BurntSushi / walkdir

Rust library for walking directories recursively.
The Unlicense
1.22k stars 107 forks source link

WalkDir sorter should accept whole dir entries instead of just file names #70

Closed jchlapinski closed 7 years ago

jchlapinski commented 7 years ago

Currently it is not easy to sort entries alphabetically with directories first (which is most often the order in which we see files in tools), since sorter for WalkDir::sort_by() only provides file names. In this PR I have changed the code, so that the sorter accepts references to entries being sorted. Example usage:

extern crate walkdir;

fn main() {
    use std::cmp::Ordering;
    use walkdir::WalkDir;

    // Paths sorted alphabetically with directories first
    for e in WalkDir::new("./").sort_by(|a, b| match b.file_type().is_dir().cmp(&a.file_type().is_dir()) {
        Ordering::Equal => a.file_name().cmp(b.file_name()),
        o @ _ => o,
    }).into_iter().filter_map(|e| e.ok()) {
        println!("{}", e.path().display());
    }
}

If this change would to be accepted, we have to also fix the documentation accordingly.
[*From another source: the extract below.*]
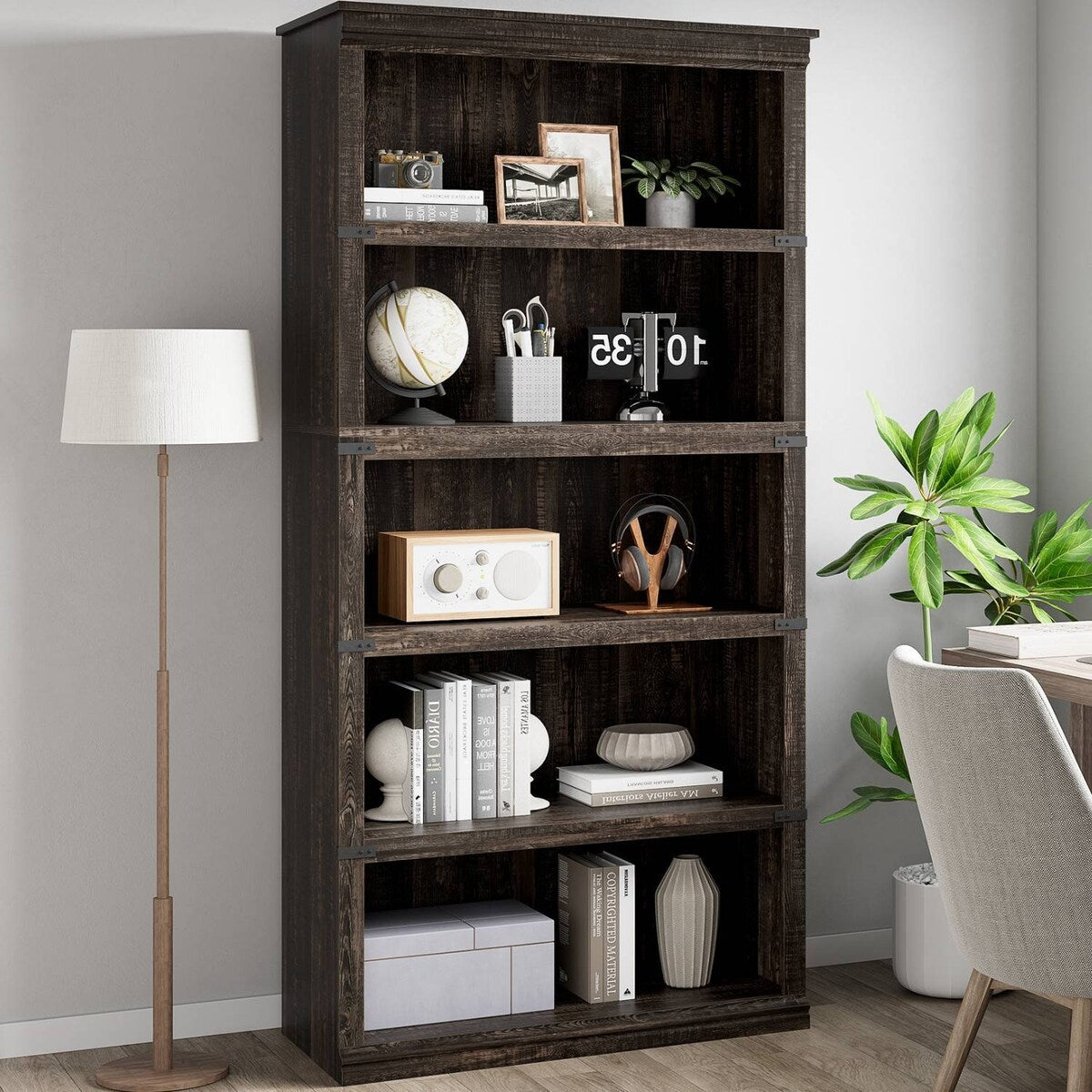 Standing Bookcase with 5 Tier Storage Open Shelves - N/A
Regards

BurntSushi commented 7 years ago

Nice! Have you seen the discussion in #53? If not, then I think we independently converged on the same API. :-) I'm laughing at how much of a stink I put up about this change being tricky, but it appears to have been much easier than I anticipated!

So yes, I do think we want this change. Would you like to write the docs? If not, I can do it in a later PR.

jchlapinski commented 7 years ago

@BurntSushi Sure, I will look trough the code once again before weekend and fix docs wherever needed.

BurntSushi commented 7 years ago

@jchlapinski Awesome, thank you!

jchlapinski commented 7 years ago

Nice! Have you seen the discussion in #53?

@BurntSushi hmm, indeed I did not notice that this was being done here. However I find it absolutely awkward to use tuple or introduce another public type just to ameliorate sorting. My feeling is that what I have done is not really that different to what was already there - those DirEntries are produced slightly earlier, however `fs::DirEntry::file_type() is being called early anyway to check whether the entry is a dir, a file or a symlink, so there is no additional penalty in system calls in my change, no? Or maybe I am not seeing something. I did not test this with large number of files.

BurntSushi commented 7 years ago

@jchlapinski Right, I don't think there's any performance change here. I think we are in sync; we both agree that a new public type or anything other than passing a pair of &DirEntry would be really unfortunate. The key downside here is that if you call metadata on a DirEntry, then it will always hit the file system. When sorting, the results of a single DirEntry could therefore change, which would lead to unfortunate things. However, I think we basically concluded in #53 that this was an acceptable downside, and that if really necessary, the caller could introduce their own metadata cache.

jchlapinski commented 7 years ago

@BurntSushi OK, I have looked trough the code and fixed docs and removed a few empty lines.

BurntSushi commented 7 years ago

@jchlapinski Awesome work! Thank you!